(Pictures with short captions)
------------------------------------------------------------

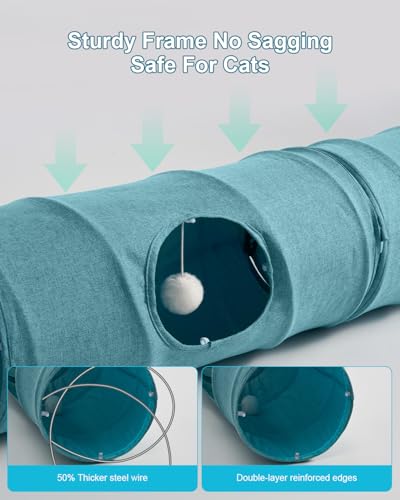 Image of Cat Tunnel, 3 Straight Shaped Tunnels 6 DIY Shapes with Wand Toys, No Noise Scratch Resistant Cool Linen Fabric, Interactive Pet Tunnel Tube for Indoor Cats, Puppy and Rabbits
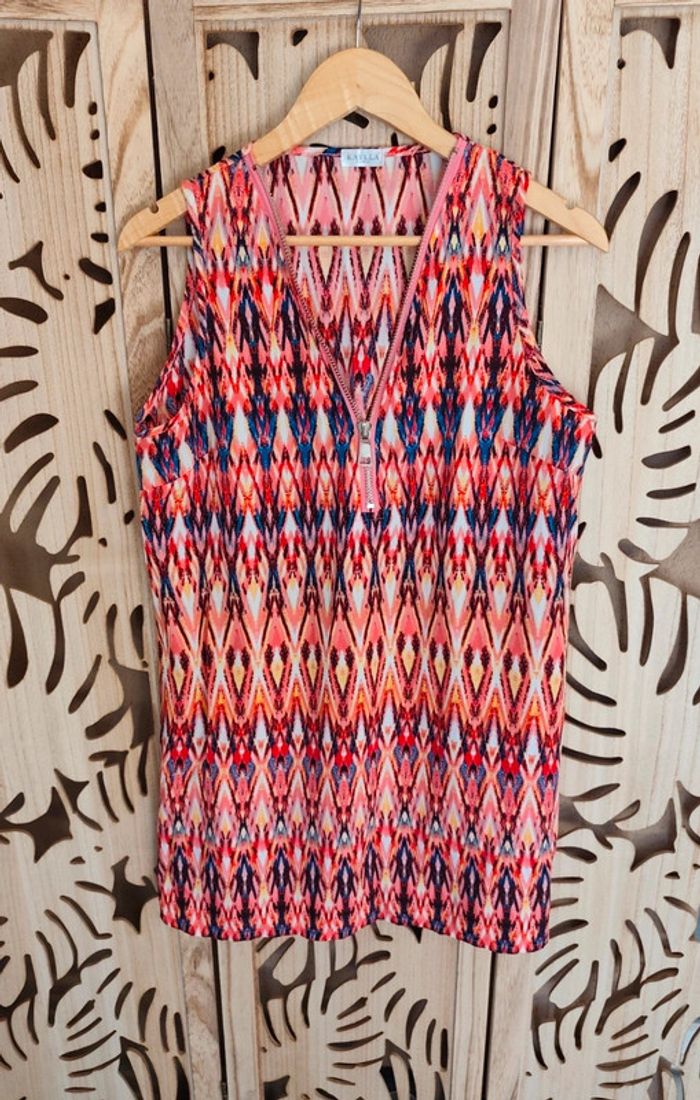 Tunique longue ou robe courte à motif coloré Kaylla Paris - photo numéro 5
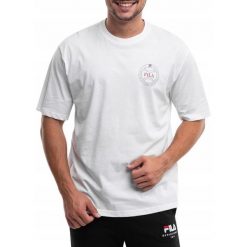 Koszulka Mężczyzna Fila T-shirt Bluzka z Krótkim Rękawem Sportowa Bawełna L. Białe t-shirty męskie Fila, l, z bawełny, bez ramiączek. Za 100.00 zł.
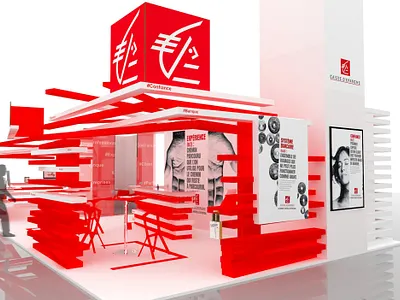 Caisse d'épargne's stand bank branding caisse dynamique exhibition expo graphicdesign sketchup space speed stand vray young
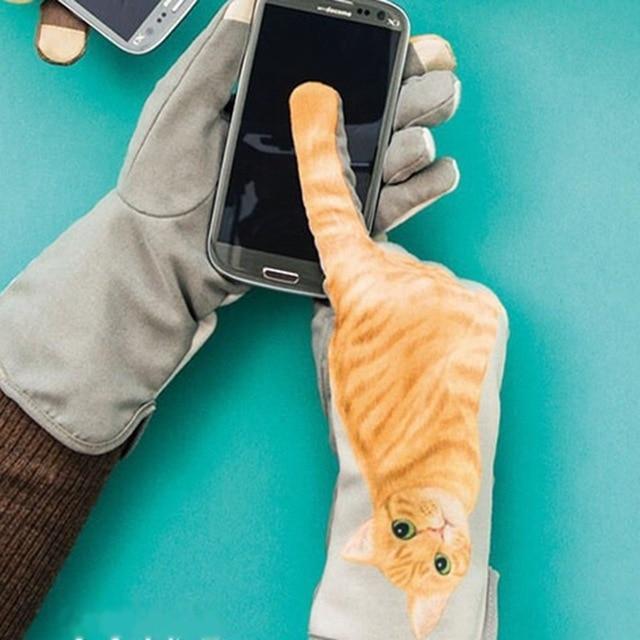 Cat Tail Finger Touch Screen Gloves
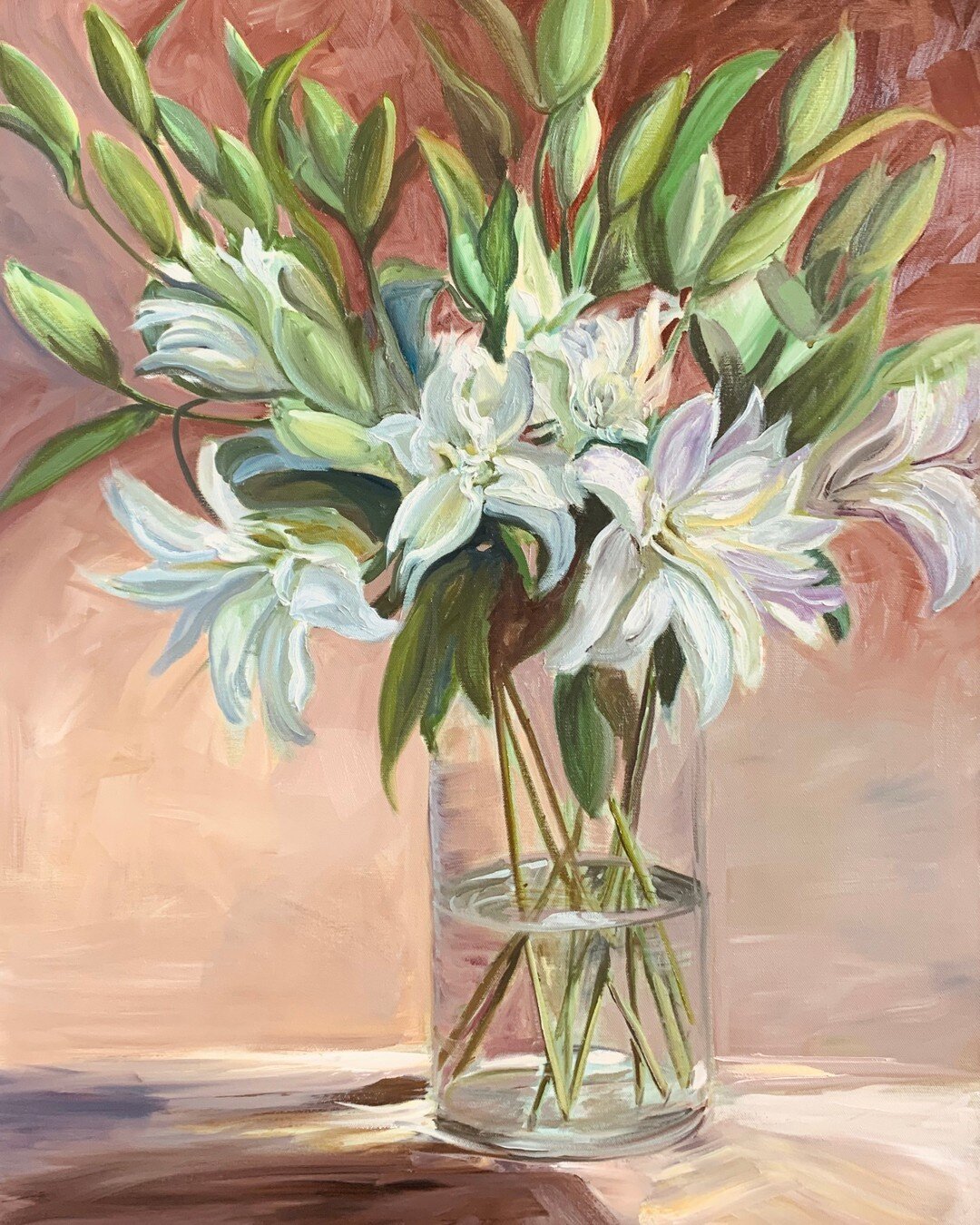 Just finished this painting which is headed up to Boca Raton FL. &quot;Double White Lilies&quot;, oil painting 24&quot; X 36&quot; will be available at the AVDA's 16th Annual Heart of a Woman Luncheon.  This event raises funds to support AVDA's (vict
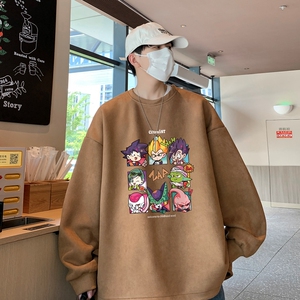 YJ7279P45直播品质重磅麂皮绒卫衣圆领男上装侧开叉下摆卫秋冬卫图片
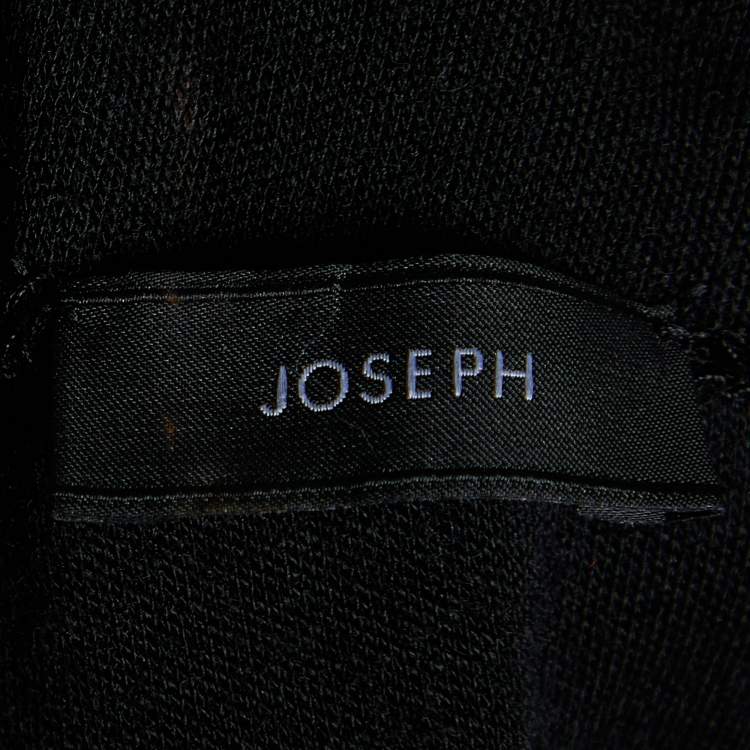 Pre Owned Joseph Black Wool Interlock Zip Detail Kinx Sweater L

------------------------------------------------------------

Activity
All lines above starting at the one with "Cat Tail Finger Touch Screen Gloves" and ending at the one with "YJ7279P45直播品质重磅麂皮绒卫衣圆领男上装侧开叉下摆卫秋冬卫图片", inclusive, are to be printed again exactly, with the pictures left out.

Solution
 Cat Tail Finger Touch Screen Gloves
 Just finished this painting which is headed up to Boca Raton FL. &quot;Double White Lilies&quot;, oil painting 24&quot; X 36&quot; will be available at the AVDA's 16th Annual Heart of a Woman Luncheon.  This event raises funds to support AVDA's (vict
 YJ7279P45直播品质重磅麂皮绒卫衣圆领男上装侧开叉下摆卫秋冬卫图片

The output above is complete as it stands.